** WHAT TO DO **
Write out the data again exactly, skipping every picture.

** GIVEN ENTRIES **

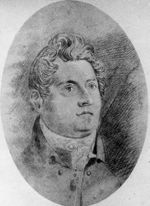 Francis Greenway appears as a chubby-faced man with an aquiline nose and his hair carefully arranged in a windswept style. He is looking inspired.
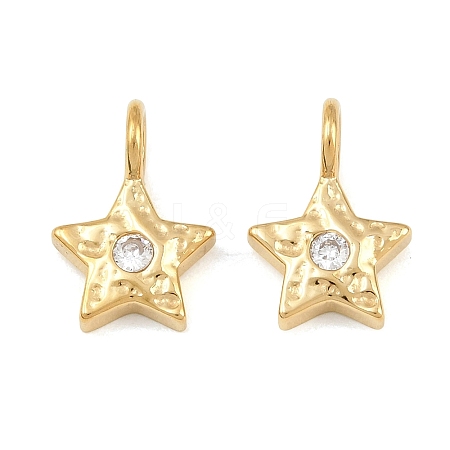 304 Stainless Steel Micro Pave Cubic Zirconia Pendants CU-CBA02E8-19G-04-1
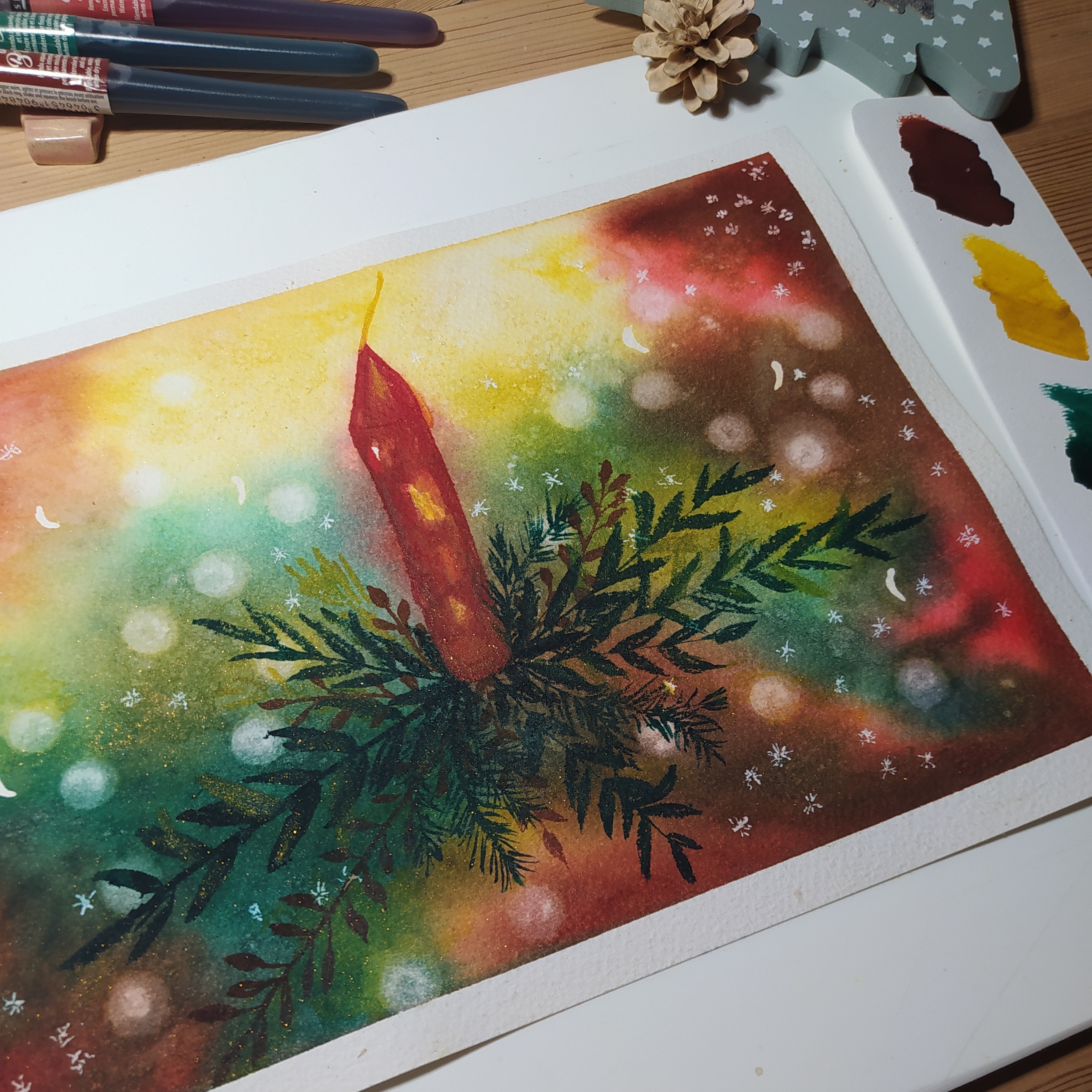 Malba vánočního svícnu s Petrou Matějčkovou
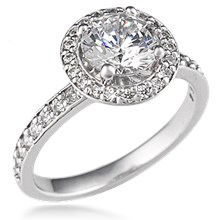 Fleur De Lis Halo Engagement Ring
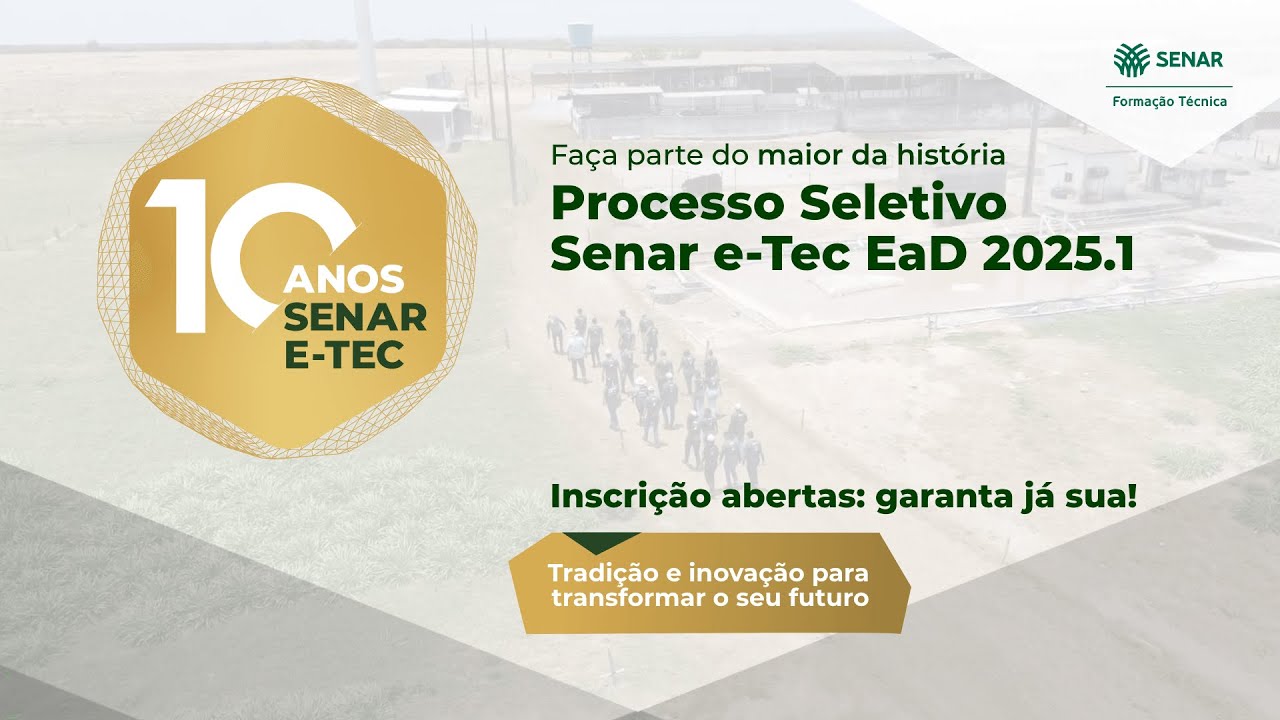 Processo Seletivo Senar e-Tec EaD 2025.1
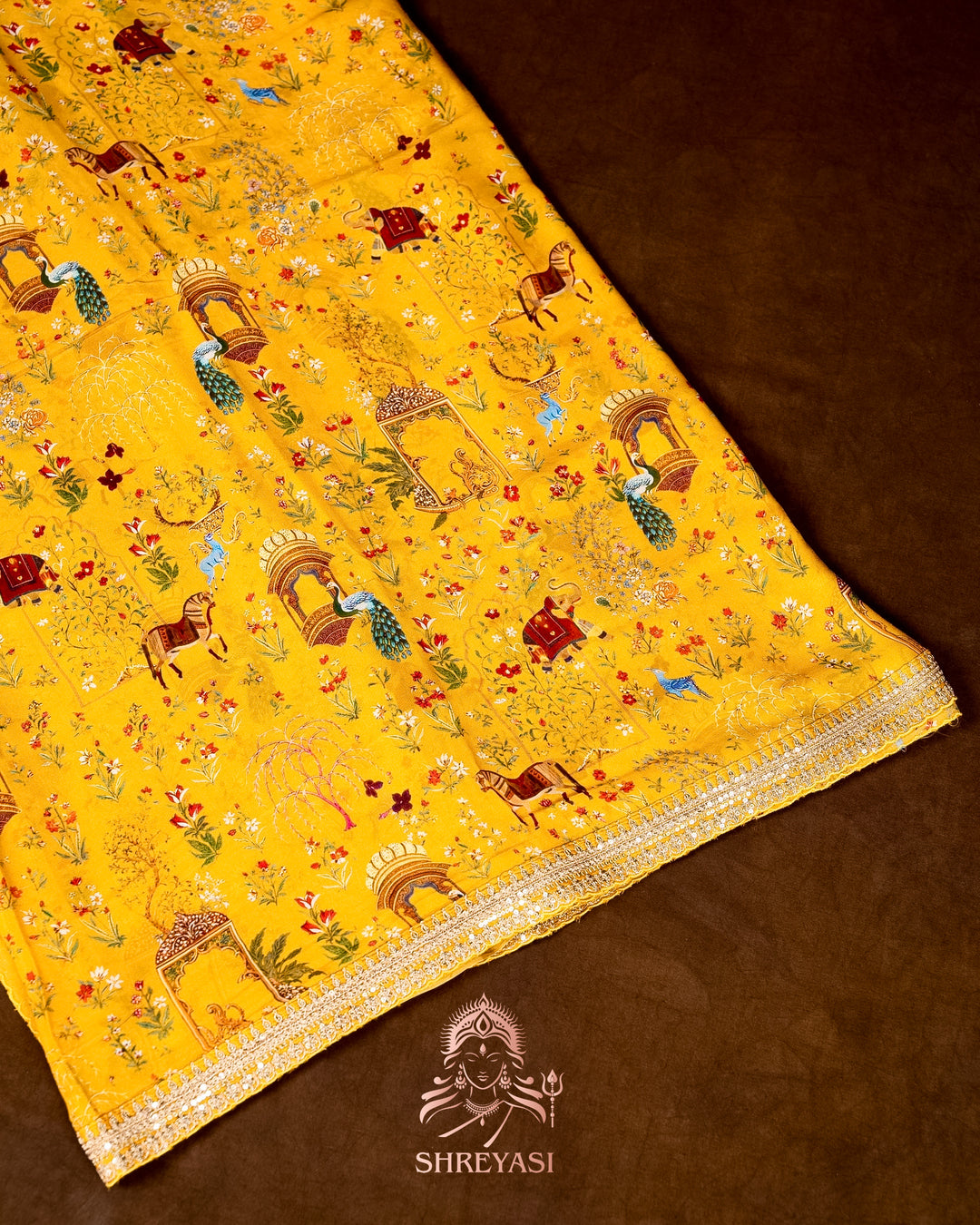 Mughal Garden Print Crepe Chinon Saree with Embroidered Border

** ANSWER BOX **
 Francis Greenway appears as a chubby-faced man with an aquiline nose and his hair carefully arranged in a windswept style. He is looking inspired.
 304 Stainless Steel Micro Pave Cubic Zirconia Pendants CU-CBA02E8-19G-04-1
 Malba vánočního svícnu s Petrou Matějčkovou
 Fleur De Lis Halo Engagement Ring
 Processo Seletivo Senar e-Tec EaD 2025.1
 Mughal Garden Print Crepe Chinon Saree with Embroidered Border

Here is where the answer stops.